O género integra a circulação europeia do romance gótico, mas não deve ser entendido como sua simples tradução alemã. O Schauerroman apropria-se de convenções do gótico inglês, como castelos arruinados, criptas, passagens secretas, conventos, florestas, aparições e vilões tirânicos, adaptando-as a tradições narrativas e culturais germânicas. A palavra Schauer remete para o estremecimento ou arrepio causado por uma experiência de medo; o elemento essencial do género é, portanto, a produção de uma atmosfera de inquietação no leitor.
O aparecimento do Schauerroman relaciona-se com a expansão do mercado editorial, com a crescente popularidade do romance entre novos públicos leitores e com a sensibilidade pré-romântica e romântica. A atração pelo obscuro, pelo irracional, pelo fantástico e pelo sublime constituía uma reação parcial aos modelos racionalistas do Iluminismo. Ao mesmo tempo, muitas obras do género conservam uma dimensão moralizante. Embora apresentem crimes, ameaças sobrenaturais, desejo, violência e transgressão, tendem a concluir com a punição do mal, a reposição da ordem social ou a explicação racional de acontecimentos inicialmente interpretados como sobrenaturais. Essa ambivalência aproxima o Schauerroman tanto do romance gótico como do melodrama e da literatura popular.

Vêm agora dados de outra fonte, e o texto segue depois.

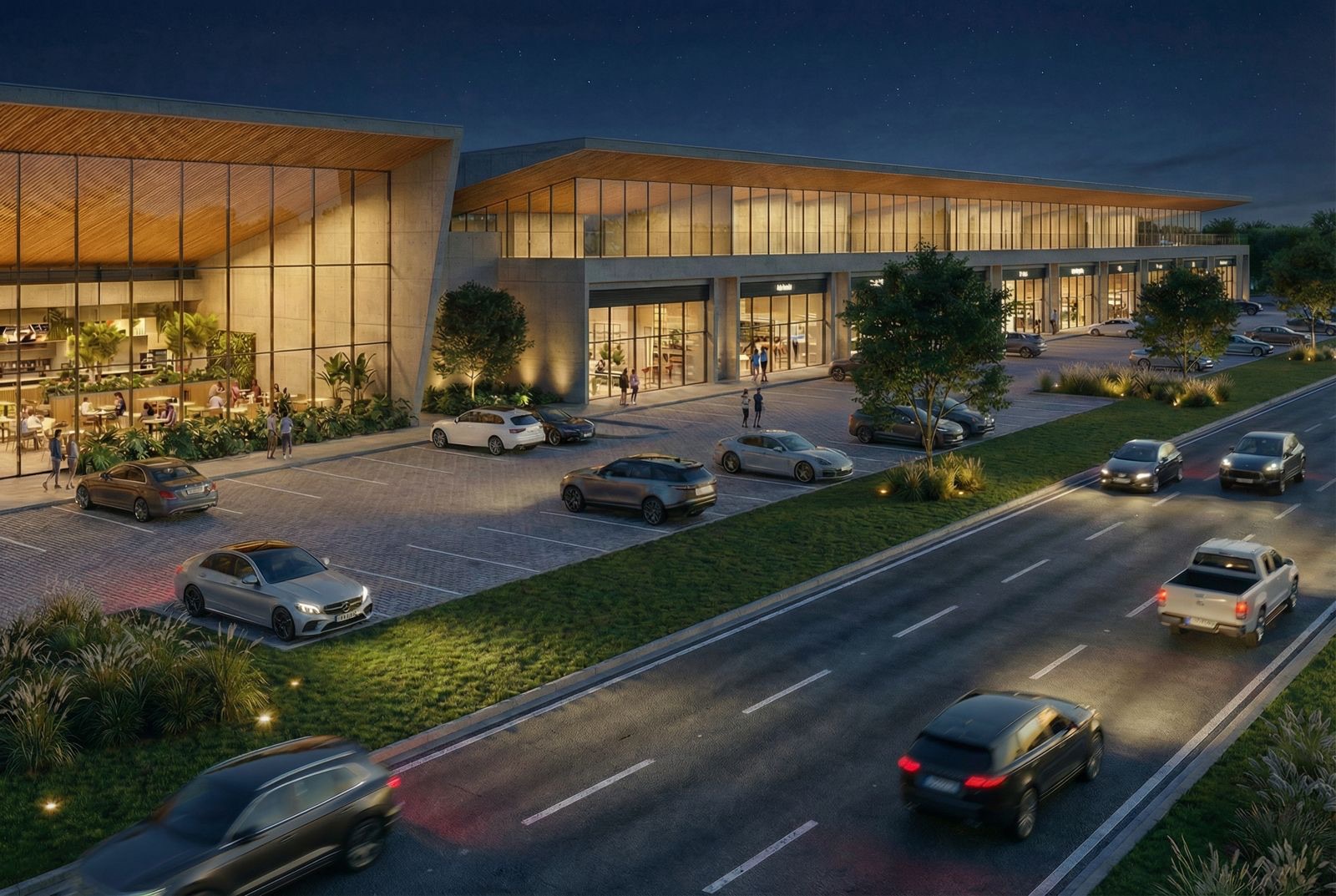 Perspectiva da fachada comercial e integração com a via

O Schauerroman é frequentemente incluído no domínio mais amplo do romance gótico europeu. A sua formação foi influenciada por obras inglesas como The Castle of Otranto (1764), de Horace Walpole, The Mysteries of Udolpho (1794), de Ann Radcliffe, e The Monk (1796), de Matthew Gregory Lewis. Contudo, a tradição alemã adquiriu traços próprios. Em certas obras, o horror aproxima-se da narrativa criminal, da crítica anticlerical, da lenda popular ou do interesse romântico pelo fantástico. Noutras, predominam mecanismos narrativos de sensação, concebidos para provocar medo imediato, mais do que para investigar psicologicamente a experiência do sinistro.
É importante distinguir o Schauerroman do fantástico romântico alemão, embora existam zonas de contacto entre ambos. Autores como E. T. A. Hoffmann desenvolvem formas mais complexas de ambiguidade, interioridade e inquietação psicológica, enquanto o Schauerroman tende, em geral, a privilegiar a ação melodramática e os efeitos sensacionais.
Entre os autores associados ao género, destaca-se Christian Heinrich Spiess, cuja obra Das Petermännchen (1793) combina elementos de mistério, crime e aparição sobrenatural. Também Heinrich Zschokke, Carl Grosse e Karl Gottlob Cramer contribuíram para a difusão de narrativas de terror e sensação no espaço cultural alemão. A produção de Carl Grosse, em particular, tornou-se conhecida para além da Alemanha. O seu romance Der Genius (1791-1795), traduzido em inglês como Horrid Mysteries, pertence à vertente mais extrema e conspiratória do género, marcada por sociedades secretas, perigos políticos e violência.
Embora não possam ser reduzidos ao Schauerroman, escritores como Friedrich Schiller, Ludwig Tieck e E. T. A. Hoffmann participam do horizonte cultural que tornou possível a valorização literária do medo, do estranho e do irracional. A sua obra, porém, frequentemente desloca o terror sensacional para problemas estéticos, filosóficos e psicológicos mais complexos.